I remember when I was a child of seven or eight, my dad’s company had a “bring your child to work day.” At the time, my dad worked for Motorola, and I thought he had the coolest job ever. (He even wore a funny thing called a pager. For my teenage friends, that’s a device that pre-dated the cell phone craze.)
Motorola pulled out all the stops for the day. There were a few fun kid sessions, and then we were able to hang out with Dad. He’s a chemist, so he took my two brothers and me to his lab where he showed us the equipment and explained what it did (which went way over my head). He let us look under his microscopes at some samples and then gave us a tour of the plant.
It was AWESOME.
For the only time in my life, I could say I was “about my father’s business” of chemistry. Now, I’m a writer and still don’t understand half of what he does.
Thankfully, I don’t have to be in a specific career to be about my heavenly Father’s business. God’s business isn’t just for pastors. After all, the Apostle Paul was a tentmaker by trade (Acts 18:3). Peter and Andrew were fisherman (Matthew 4:18). Lydia was a maker of purple goods, most likely clothes (Acts 16:4).
God’s business is sharing the gospel or “good news” with others, wherever we are, whatever we do. After all, that’s what Jesus did.
“And this is the will of Him who sent Me, that everyone who sees the Son and believes in Him may have everlasting life…” (John 6:40 NKJV)
The great commission in Matthew 28 to “go” and “make disciples” is not just for a select few. If you know Christ as your personal Savior, you are already part of the “chosen generation” that Peter writes about, whose “job” is to “proclaim the praises of Him who called you out of darkness into His marvelous light” (1 Peter 2:9).
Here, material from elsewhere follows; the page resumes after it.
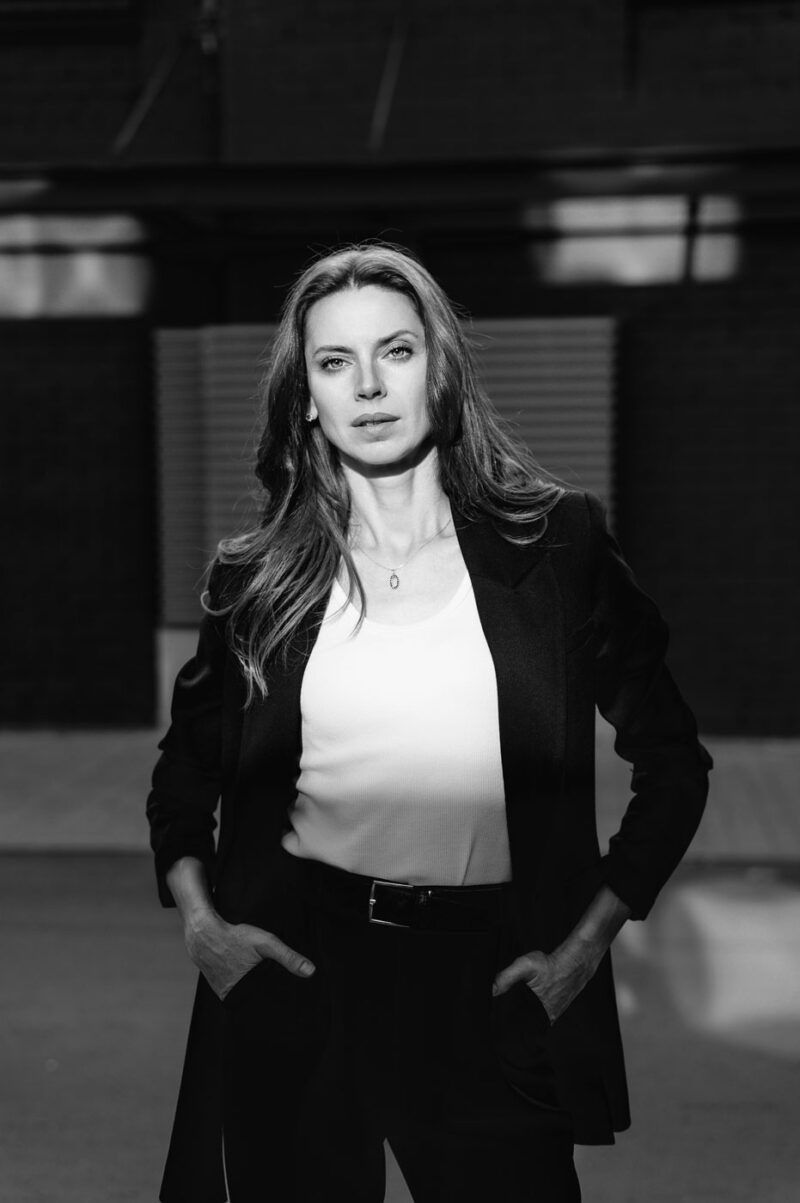 Игра контрастов и отражений, съемка у торгового центра в ЧБ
It also isn’t just for missionaries. As much as I love short-term missions, those trips represent a mere fraction of my life. I can’t shelve my Christianity when I’m not in full-time ministry (although as a teacher, I’m convinced today’s schools – even Christian schools – are a mission field of their own).
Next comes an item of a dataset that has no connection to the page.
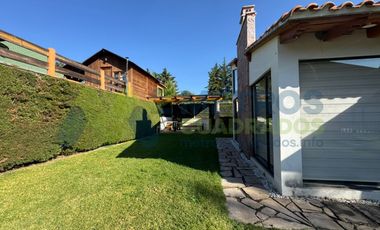CASA DE CAMPO en LAGO de PÁTZCUARO, con ALBERCA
How then do we begin? Shine and be light in a dark world (Philippians 2:15). Maybe start with a simple act of kindness to a stranger or share your testimony with someone. It doesn’t have to be anything fancy or dramatic. Just be honest. What did Jesus do for you?
Age doesn’t matter either. Remember, 12-year-old Jesus was in the temple “about his Father’s business” (Luke 2:49). Tweens and teens, you can have a huge impact for Christ in your schools, sports events, and social settings.
So my challenge this week is simple: be about our Father’s business.